How To Rent A Boat Dock – Questions To Ask Before Renting Or Buying

Here at Dock Skipper, we facilitate a lot of dock rentals.  Whether somebody is looking to rent a dock long term, rent a slip short term, or even sell their private boat dock, we’ve been the platform that connects the parties.  Throughout all of those connections one thing is for certain, asking questions is beneficial to both the renter and owner. Having a clear understanding of what is allowed and possible prior to finalizing the rental or sale agreement will make sure both parties are happy and comfortable with the final outcome.  Today, we bring to you a list of the best questions you should be asking before renting your next dock.

What are the rates and do you offer discounts for longer term agreements?

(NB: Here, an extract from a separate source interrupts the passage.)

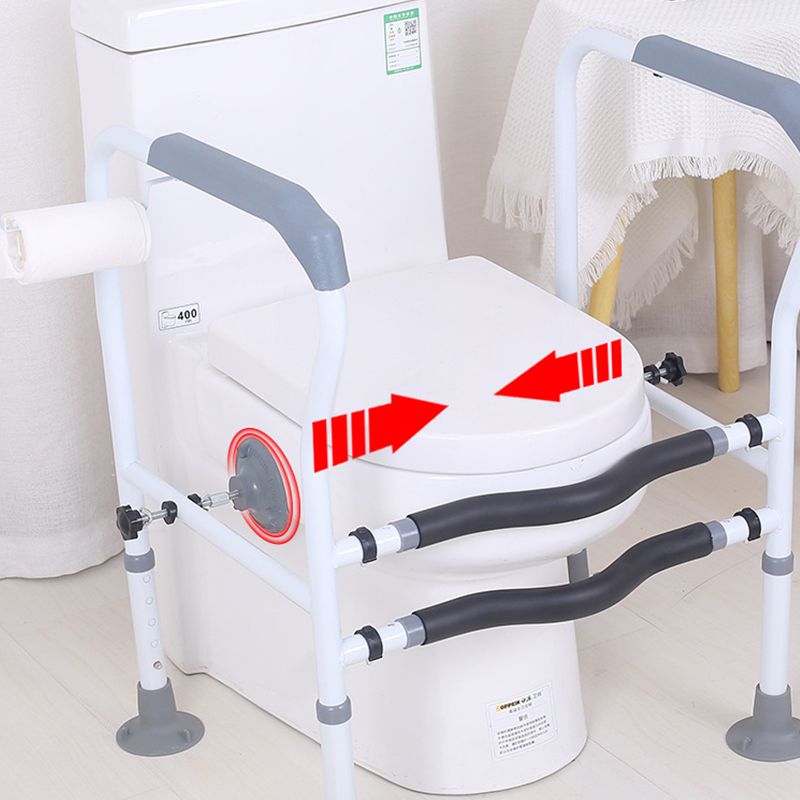 🚽 50 % RABATT NU! 🛡️ WC-säkerhetsstöd för äldre – förstärkt kolstål, justerbar höjd & bredd – perfekt för badrumssäkerhet 🏠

Obviously this is the first question on the list.  Make sure you get pricing out of the way before you start asking about specifics.  There’s no reason to get into detail if you can’t afford the listing in the first place.  The second part of the question should focus on discounts for longer term agreements. For example, you may only be trying to stay for 5 days but the owner will offer you a discounted rate if you stay for a week.  The weekly rate ends up being cheaper than paying for 5 individual nights. Ask these questions and make a decision based on price breaks.

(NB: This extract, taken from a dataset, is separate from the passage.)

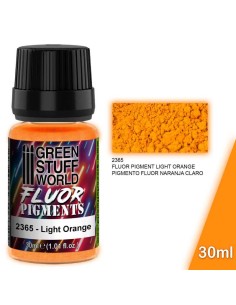 Green Stuff World - Pigment FLUOR - LIGHT ORANGE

What’s your cancellation policy?

Another important question when it comes to boating.  Many cruisers can often get stuck in weather, have mechanical issues or simply don’t make the time they had hoped.  This can lead to necessary cancellations often at the last minute. Unfortunately, many dock owners cannot be overly sympathetic to this since it may be hard for them to find a replacement.  It’s always important to get the cancellation policy prior to booking and have a clear understanding on what, if any refund can be provided.

How accessible is the dock or slip?

This question should often come before question #1 as if you can’t get to the location, there’s no point in discussing rates or cancellation policies.  Accessibility mostly involves fixed bridges, water depth, currents, and tide changes but will vary based on the type of boat you are docking. This may sound obvious but make sure you will be comfortable accessing the dock before you make a booking.

What about amenities?

This is likely your next question as it can make or break a booking.  Do you need electricity, water, showers, laundry, etc… Would you like to have a pool, bikes to borrow, 24 hour access, etc..  You may also want to ask about nearby restaurants, grocery shopping, things to do. Amenities can be the difference between an enjoyable stay and a place you will not return to.  Ensuring you know the amenities upfront will help you curb your expectations prior to arrival.

What about security?

Security is often important for many boaters.  This will heavily depend on where you are cruising, what type of boat you are cruising on, and the type of people you are.  If security is important, make sure you talk about it upfront with the dock/slip owner. The last thing you want to do is be paying money for a dock that you can’t fall asleep on because of security concerns.

Do you allow liveaboards?

A very important question if this pertains to you.  Many private boat docks or private marina slips may be opposed to liveaboards.  In some cases, it can be against their homeowner associations. If you plan to be staying onboard, make sure you tell the owner upfront.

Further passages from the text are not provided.